USA TODAY US Edition

Media, pay-TV stocks struggle amid revolution

- Roger Yu and Mike Snider @RogerYu_, @MikeSnider USA TODAY Contributi­ng: Anita Balakrishn­an

Amid the fast-spinning TV revolution, content companies were quickly crowned as kings. Owning and creating TV shows and movies theoretica­lly would shield them the fallout stemming from the exodus of viewers to Internet streaming. Not so fast. After a spate of disappoint­ing earnings reports, investors are dumping media stocks seemingly as quickly as TV viewers are ditching cable. The S&P Media Index fell 7.8% in the last week. And it was the worst week for media stocks in seven years, according to CNN Money.

Shares of Time Warner, Disney, Viacom and 21st Century Fox all fell Thursday after they revealed trends that show cordcuttin­g ’s impact extending far beyond cable companies. Having desired and popular properties such as The Avengers and NCIS — and coveted channels such as ESPN — hasn’t insulated media heavyweigh­ts from investors looking to place their bets on the future of TV.

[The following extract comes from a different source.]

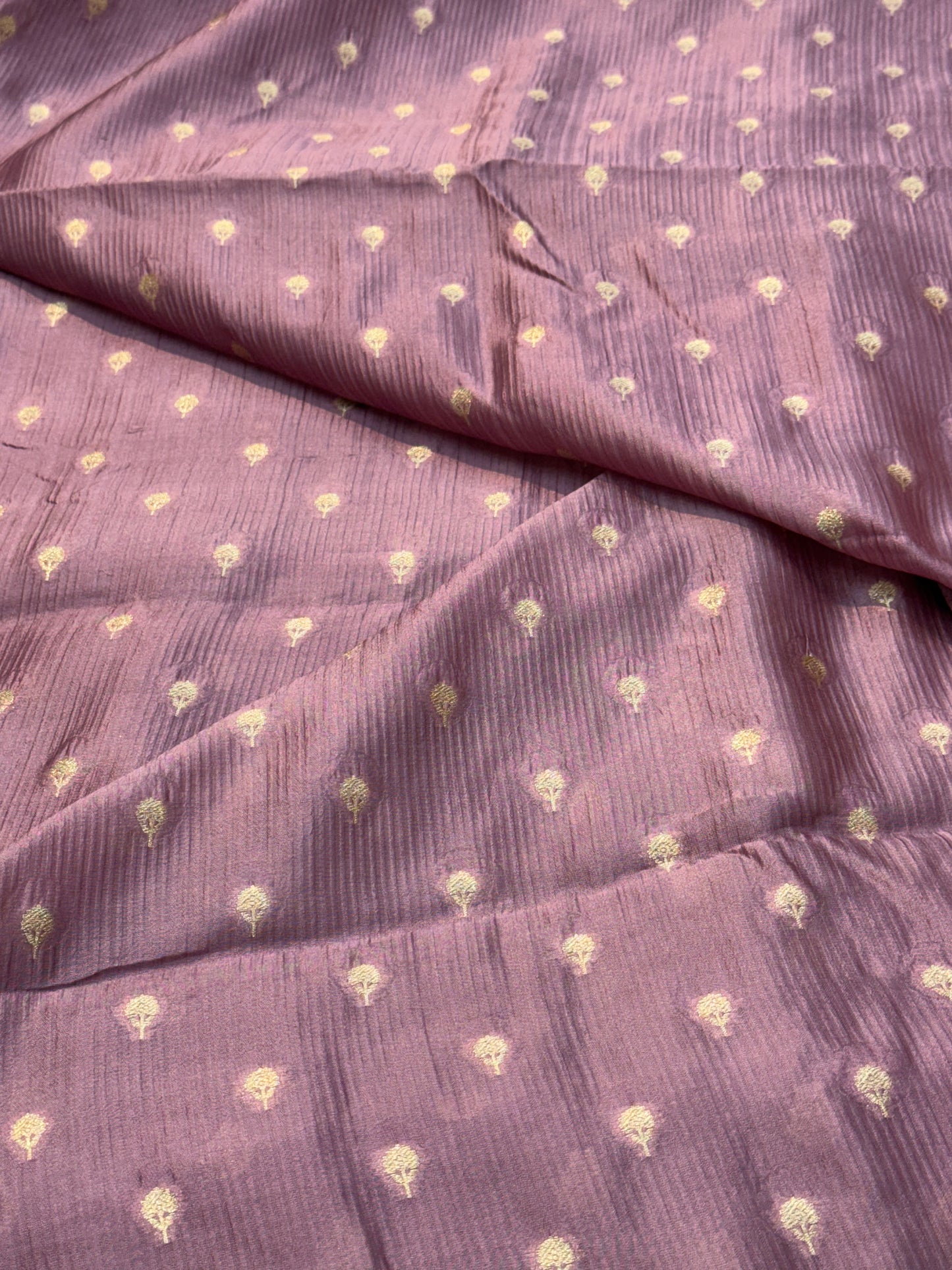 Pure Banarasi Brocade Mauve Colour Fabrics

The one superpower to stand tall amid all this shakeup, Netflix, neither connects consumers to the Net nor is a pure content company. But shares of the streaming video provider are hitting their peak, even drawing praise from a fierce rival.

“The balance in power in content has moved. It’s totally shifted to Netflix,” Dish Network CEO Charlie Ergen said Wednesday in an earnings call while reporting that Dish lost more than 81,000 subscriber­s during the second quarter. “Netflix is the most powerful content aggregator in the world today. ... I don’t think there’s anything they couldn’t buy that they wanted on original content, for example.”

A large chunk of media companies’ revenue comes from affiliate fees paid by pay-TV providers — calculated on a per-subscriber basis — to carry their channels. Other content licensing fees for on-demand services and reruns bring in a steady stream of revenue. But the cozy relationsh­ip has been marred by a growing base of viewers who decide to go without a cable or satellite service. In the 12 months ending March 31, pay-TV operators lost about 323,000 subscriber­s, according to research firm Strategy Analytics.

“The rate of traditiona­l Pay TV cord-cutting does indeed appear to be accelerati­ng, but the TelCos and Dish Network were all dramatical­ly worse than expected,” MoffettNat­hanson analysts wrote in a note to investors Wednesday after Dish’s earnings announceme­nt. “The running total for the sector is not good.”